Yo no era aún formalmente miembro de la “comisión de prensa y propaganda” del partido pero, dada mi vieja afición por el mensaje impreso y la amistad con “Manuel” (Ramiro Barrenechea) y “Rafo” (Remberto Cárdenas) que sí lo eran, tenía acceso a la imprenta clandestina que funcionaba en la zona de Munaypata, en la casa de Hernán Ariñez, obrero de la fábrica de vidrios. De ese modo, incumpliendo las normas de la clandestinidad, me inmiscuía en los trabajos de prensa y aprendí a manejar la vieja Zeta Printon, offset que imprimía hojas tamaño oficio.

Aquella vez, por algunas razones que ya no recuerdo, ni “Manuel” ni “Rafo” podían terminar la edición regular de “Unidad” y se me encomendó a mí el hacerlo, rellenar algunas páginas, imprimir, compaginar y empaquetar el periódico.

El esperanzador proceso chileno encabezado por Salvador Allende estaba acosado por todos los lados: desabastecimiento, terrorismo, huelgas salvajes como la de los camioneros (después se sabría que animaban y financiaban la conspiración Henry Kissinger desde el Departamento de Estado y grandes corporaciones yanquis, como la ATT).

El tema Chile no podía estar ausente del periódico mensual que llevaba el cálido aliento de la lucha a la militancia que resistía a la dictadura de Banzer.
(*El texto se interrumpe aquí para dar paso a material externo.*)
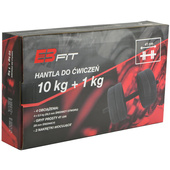 HANTLA KOMPOZYTOWA 11KG (10+1) KG EB FIT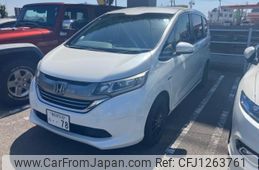 honda freed 2016 -HONDA--Freed DAA-GB7--GB7-1015008---HONDA--Freed DAA-GB7--GB7-1015008-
Escribí una nota solidaria que expresaba más mis deseos que la dramática realidad. La titulé: “Chile no caerá”.

Pasado el mediodía del 11 de septiembre, después de casi 24 horas de estar encerrado y con el trabajo a punto de ser terminado, salí a buscar alimento. En las inmediaciones del Cementerio encontré un lugar y pedí un th´impu. Junto con la apetitosa fragancia del cordero hervido me llegaron las noticias de Radio “Nueva América”. Dejé el plato sin probar, pagué al confundido encargado del restaurante y volví al taller tan pronto como pude, olvidando incluso el chequeo para comprobar que nadie me seguía, como lo hacíamos siempre en la vida clandestina.

Nublados mis ojos por las lágrimas rehice la página que consignaba mi optimista nota sobre Chile. El Palacio de la Moneda había sido bombardeado, Allende estaba muerto, los militares tenían el control de la situación, la sangre corría a raudales, miles de prisioneros eran torturados y encerrados en un estadio de fútbol. Había comenzado la larga noche del fascismo pinochetista. Y en muchos corazones, entre ellos el mío, se hicieron más sólidas y profundas las convicciones democráticas.